09.11.2016. Crowdworking setzt sich in Deutschland durch…

Die Idee ist nicht neu. In Deutschland ist Crowdworking aber ein vergleichsweise junges Phänomen, das zurzeit enormen Zulauf verbucht. Hunderdtausende deutsche Crowdworker haben sich bereits bei erfolgreichen Portalen wie Amazons Mechanical Turk, Clickworker, Streetspotr oder Testbirds registriert. Die Jobs reichen von anspruchsvollen Aufgaben, z.B. der Entwicklung von Designs für Werbekampagnen, bis hin zu einfachen Mikrojobs, sogenannten “Klickworker”-Jobs, wie Dateneingabe oder Adressenrecherche. Allen gemeinsam ist, sie werden ausschließlich online organisiert. Die Auftraggeber wissen zum Teil nicht einmal, in welchem Land ihr Crowdworker sitzt.
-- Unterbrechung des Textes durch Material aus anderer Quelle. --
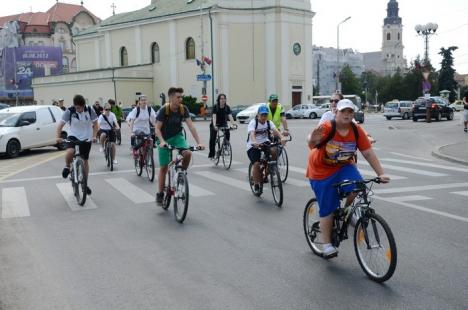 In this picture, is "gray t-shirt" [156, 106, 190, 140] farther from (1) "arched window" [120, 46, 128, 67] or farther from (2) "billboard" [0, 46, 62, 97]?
(2) "billboard" [0, 46, 62, 97]

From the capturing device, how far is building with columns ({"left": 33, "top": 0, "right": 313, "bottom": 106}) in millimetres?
57906

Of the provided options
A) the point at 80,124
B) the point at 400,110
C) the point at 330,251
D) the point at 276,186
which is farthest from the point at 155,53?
the point at 330,251

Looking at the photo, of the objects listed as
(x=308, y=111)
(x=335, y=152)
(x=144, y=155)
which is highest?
(x=335, y=152)

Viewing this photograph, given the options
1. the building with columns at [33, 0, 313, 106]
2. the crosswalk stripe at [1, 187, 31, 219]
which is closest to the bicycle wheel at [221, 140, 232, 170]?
the crosswalk stripe at [1, 187, 31, 219]

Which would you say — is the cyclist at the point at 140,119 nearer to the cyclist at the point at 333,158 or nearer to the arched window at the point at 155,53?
the cyclist at the point at 333,158

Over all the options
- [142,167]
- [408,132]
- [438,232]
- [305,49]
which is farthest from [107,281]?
[305,49]

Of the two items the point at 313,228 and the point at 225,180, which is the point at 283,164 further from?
the point at 313,228

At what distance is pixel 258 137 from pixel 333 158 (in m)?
4.59

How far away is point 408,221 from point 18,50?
82.8 m

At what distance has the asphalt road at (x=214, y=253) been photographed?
197 inches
Crowdworking ist kein Trend. Es ist die Zukunft.
Crowdworking boomt, von einem “Trend” zu sprechen wird der Entwicklung aber nicht gerecht. Experten sehen im Crowdworking die Zukunft der Arbeitswelt – einen strukturellen Wandel, vergleichbar mit den Veränderungen, die die industrielle Revolution mit sich gebracht hat.
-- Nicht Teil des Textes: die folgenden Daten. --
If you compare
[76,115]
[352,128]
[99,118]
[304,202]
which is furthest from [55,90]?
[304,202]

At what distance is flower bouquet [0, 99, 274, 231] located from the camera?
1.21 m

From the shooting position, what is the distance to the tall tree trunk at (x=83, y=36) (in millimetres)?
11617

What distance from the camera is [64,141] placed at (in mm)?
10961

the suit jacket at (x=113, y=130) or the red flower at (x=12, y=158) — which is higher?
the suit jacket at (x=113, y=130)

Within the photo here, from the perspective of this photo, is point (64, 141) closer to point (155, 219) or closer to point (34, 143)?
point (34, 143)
Bei IBM zum Beispiel läuft diese Entwicklung unter dem Schlagwort “IBM-Liquid” bzw. “Generation Open”. Monika Schäfer, Betriebsrätin bei IBM: “IBM-Liquid ist Teil eines Konzepts, das sich “Generation Open” nennt und im Zusammenhang einer grundlegenden Veränderung von Arbeitsverhältnissen und Arbeitsorganisation steht. Bei IBM-Liquid werden Projektaufträge in so kleine Arbeitseinheiten aufgeteilt, dass sie über Web-basierte Plattformen weltweit als Wettbewerbe ausgeschrieben werden können. Und zwar sowohl an eine IBM-interne Crowd als auch an externe Freelancer.”*

Schöne neue Arbeitswelt oder Comeback frühkapitalistischen Tagelöhnertums?
Dieses innovative Arbeitsmodell ist eine große Chance und in vielerlei Hinsicht bereits ein Erfolgsmodell für Arbeitgeber und Arbeitnehmer. Auftraggeber können weltweit nach den besten Spezialisten fahnden, es entsteht eine nie da gewesene Transparenz im Arbeitsmarkt und die Crowdworker schätzen die Flexibilität und den einfachen Zugang zum Arbeitsmarkt.
“Crowdsourcing als innovatives Konzept für die Organisation von Arbeit ermöglicht es Unternehmen schnell und flexibel auf einen großen Pool an Arbeitskräften und somit auch Kompetenzen sowie Fähigkeiten zuzugreifen.”**, erläutert Prof. Dr. Jan Marco Leimeister vom Deutschen Crowdsourcing Verband die Vorteile für die Auftaggeber.
Philipp Benkler, Geschäftsführer von Testbirds, stellt fest: “Crowdworking entspricht dem Wunsch vieler Erwerbstätiger nach mehr Freiheit und Flexibilität”.***

Gewerkschaften sehen das weniger optimistisch: Dumpinglöhne, mangelnde soziale Absicherung, das Aushebeln der Arbeitnehmerrechte und erhöhter Druck auf Arbeitnehmer in festen Anstellungsverhältnissen. Einige sehr kritische Stimmen sprechen sogar von moderner Sklaverei.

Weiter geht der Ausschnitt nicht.